[photo by Holden Warren]
Hello. You’ve reached Time & Temperature.
You regain consciousness in a small dark space. Nature calls. But before you even attempt to rise you grope for the small plastic vial to your right, always your right when possible, and administer ocular lubrication. You never do so without thinking of something your friend Bob once said about his irrational fear of accidentally grabbing super glue instead of eye drops. Every morning your first thought is of that unlikely scenario, and it makes you shudder. Every. Time. What a way to wake up. But these are just regular eye drops so you’ve already started off your day with a victory.
The layout of the room reveals itself to you, a familiar plot unfolding. The similarity of the hotel rooms comforts you, but the minute differences thrill you. This morning’s version of the room strikes you as a hipsterized take on an antique boarding house, charming kitsch and insufficient outlet space. Old photos from a historical era that lingers on, if only as décor.
You’ve read the studies (or the social media posts about the studies) that tell you how bad it is to reach for your phone first thing upon waking, but does anyone actually practice such restraint? You check your phone. You don’t have OCD per se, but if you climb out of bed before reading or trashing each and every email of which you’ve been notified, something terrible will happen. So you swipe and scan and even unsubscribe a few times. These emails are an invasive species threatening the perimeters of the tiny plot of land you defend amidst the chaos of the forest.
Nature still calls. And finally you emerge from the sanctuary of your, oh wow it’s an actual four-poster bed. You hope you got an artist rate on the room because, damn it’s fancy. Mindless performance of ablutions ensues as you listen to the morning show on your hometown talk radio station The Ticket via their app. They talk nonsense and sports. It’s just enough white noise to keep the mind-voices at bay. You think about Roky Erickson during his dark years when he used to keep multiple radios, stereos and TV’s playing in each room of the house at all times. You only need the one, so you tell yourself that you’re doing great.
You showered before bed eight hours ago because sleeping in the dried sweat of last night’s gig wasn’t an option. And you’re already halfway dressed because you slept in your Dallas Stars t-shirt — almost all your shirts are basically Stars-themed including this great shirt designed by Dave Hill.

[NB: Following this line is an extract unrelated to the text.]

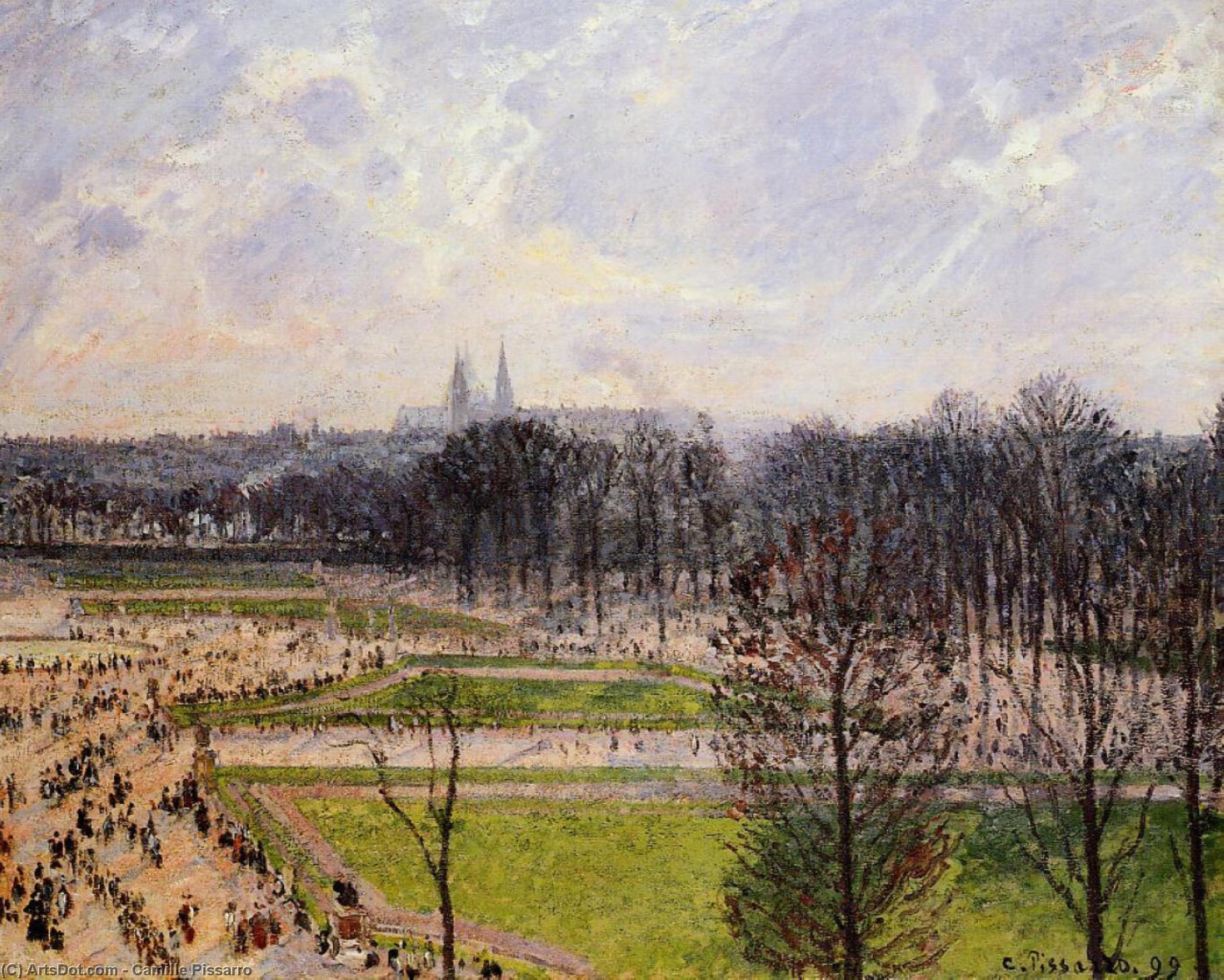 The Tuileries Gardens: Winter Afternoon — Camille Pissarro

You look at the in-room coffee station but you don’t trust it. You’re only allowed one, maybe two coffees a day, so you don’t want to waste your only remaining vice (not counting the occasional ice cream cone) on a watery, half-assed cup of hotel room coffee. Also, you suppose, the grumbling in your stomach will only get louder as the morning drags on. Oh, and there’s the ticking clock of the next gig, tonight’s gig, still a five hour drive from where you sit contemplating coffee.